En la historia argentina, a diferencia de lo que sucede en las películas bélicas de Hollywood, no hay demasiadas palabras finales y famosas debidamente registradas. Las más recordadas probablemente sean –vía Bartolomé Mitre– falsas: “Muero contento: hemos batido al enemigo”, dicen que dijo el sargento y granadero Juan Bautista Cabral, que ni antes ni mucho menos después de extraer al futuro Libertador de debajo de su caballo –blanco pero con manchas de barro por la costaleada mortal a orillas del Paraná y a la sombra del convento– jamás había afirmado nada digno de memoria, al menos para la historia grande, es decir la colectiva, la de la Patria, si cabe. Al respecto, el que introdujo una variante de cierre a este impulso de redondear con una epigrama final la cercanía de la muerte militar bala por medio fue Walsh. En el memorable y siempre releído prólogo a la edición definitiva de Operación Masacre cuenta cómo oye morir a un soldado en tiroteo junto a una ventana y lo que escucha no es “viva la patria” o declaración equivalente sino “La puta que los parió, no me dejen solo...”. Ese soldadito ya no tenía claro un enemigo a batir; y el que lo había embocado –suponemos– tampoco.

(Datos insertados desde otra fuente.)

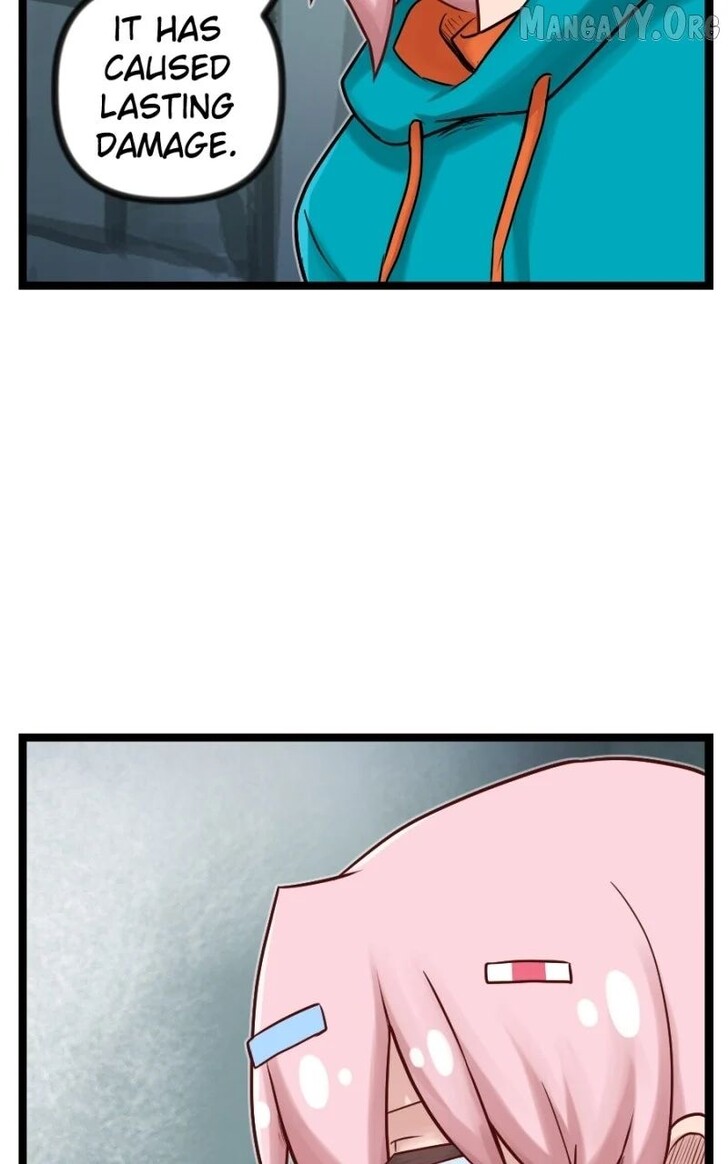 Read Clinic of Horrors Manga Online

Pero paradójicamente, el agonizante más elocuente en combate del que tengamos memoria y recuerdo emocionado no era de nuestro bando ni dijo algo siquiera traducible aunque –eso sí– lleno de significado. El testimonio aparece en el mayor relato épico de la narrativa argentina, El Eternauta. En el folletín de Oesterheld y Solano muere muchísima gente de salida nomás –y del lado de los buenos– pero más allá de la de Polsky en silencio bajo mirada amiga y nevada enemiga, y la de los soldados alucinados en la cancha de River, las muertes no están demasiado personalizadas. Sin embargo hay, entre otras muchas secuencias memorables, una reconocible por todos los lectores como “la escena de la cocina con los pollitos” o “la escena de la cafetera”. Es uno de los momentos claves de la historia: la muerte del mano. Ahí está todo.

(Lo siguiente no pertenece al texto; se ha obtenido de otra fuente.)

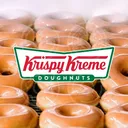 @krispykreme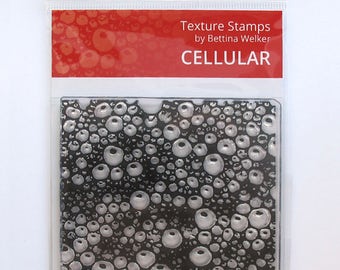 Textur-Stempel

Juan y Franco han salido en misión comando exploratoria y caen prisioneros del jefe zonal de la invasión, un mano –el primero que ven– que teledirige las operaciones de las tropas de cascarudos, gurbos y hombres robots desde la glorieta de Barrancas de Belgrano. Pero el tornero lo madruga y tras golpearlo se lo llevan desmayado, pues puede ser un prisionero útil. En su huida Juan y Franco hacen una pausa, se meten en una casa y terminan en la cocina –lugar común de lo cotidiano– donde la muerte ha sorprendido a todos con la mesa puesta. Ahí es cuando aparecen debajo de la pileta los pollitos que han sobrevivido de casualidad, y ahí es cuando el mano despierta agonizante y –ya vencido por el veneno de la glándula del terror injertada por los Ellos en su organismo– entregado y lúcido, se refiere a la belleza de “esa escultura” que está sobre la mesa. Es una simple cafetera, le explican. El invasor reflexiona entonces largamente sobre cuánta cultura y humanidad hay detrás de cada objeto simple de los que rodean cotidianamente, sobre tanta belleza imperceptible, sobre su propia cultura perdida, sobre su bello planeta helado con dos soles, sobre la irrupción de los Ellos, el odio cósmico, que todo lo destruye. Y ahí, en esa cocina perdida en un rincón vulgar del Universo, tan lejos de casa, mientras su piel va tomando un color grisáceo hasta desprenderse, el mano que comienza a morir, entona con suavidad “una canción incomprensible, de ritmo extraño” –Franco dirá que parece una canción de cuna–: Mimnio, athesa, eieioioio... Mimnio... Hasta que finalmente calla y muere. Entonces Juan hace dos gestos: deja salir a los pollitos de la cocina pero le cierra la puerta al mano antes de partir.
“El mano estaba muerto ya y de poco le servía mi respeto. Muerto como los millones de muertos que yacían en las calles, en las casas, por culpa de Ellos... Mientras corría a reunirme con Franco también yo, como el mano, sentí un odio desesperado”, piensa Juan. Y mientras corre junto a Franco dice: “Pero tampoco ahora es tiempo de odiar; es tiempo de luchar”. Y la lucha continúa. Pero la postrera canción de cuna de los manos –esa invención absoluta, significante puro que volvería a sonar cada vez que la muerte los alcanzara a lo largo de la historia– quedó flotando esa primera vez en una cocinita de Belgrano y en nuestra memoria infantil, conmocionada. Ya por entonces, uno a Mitre le creía poco. A Oesterheld, siempre le creímos todo.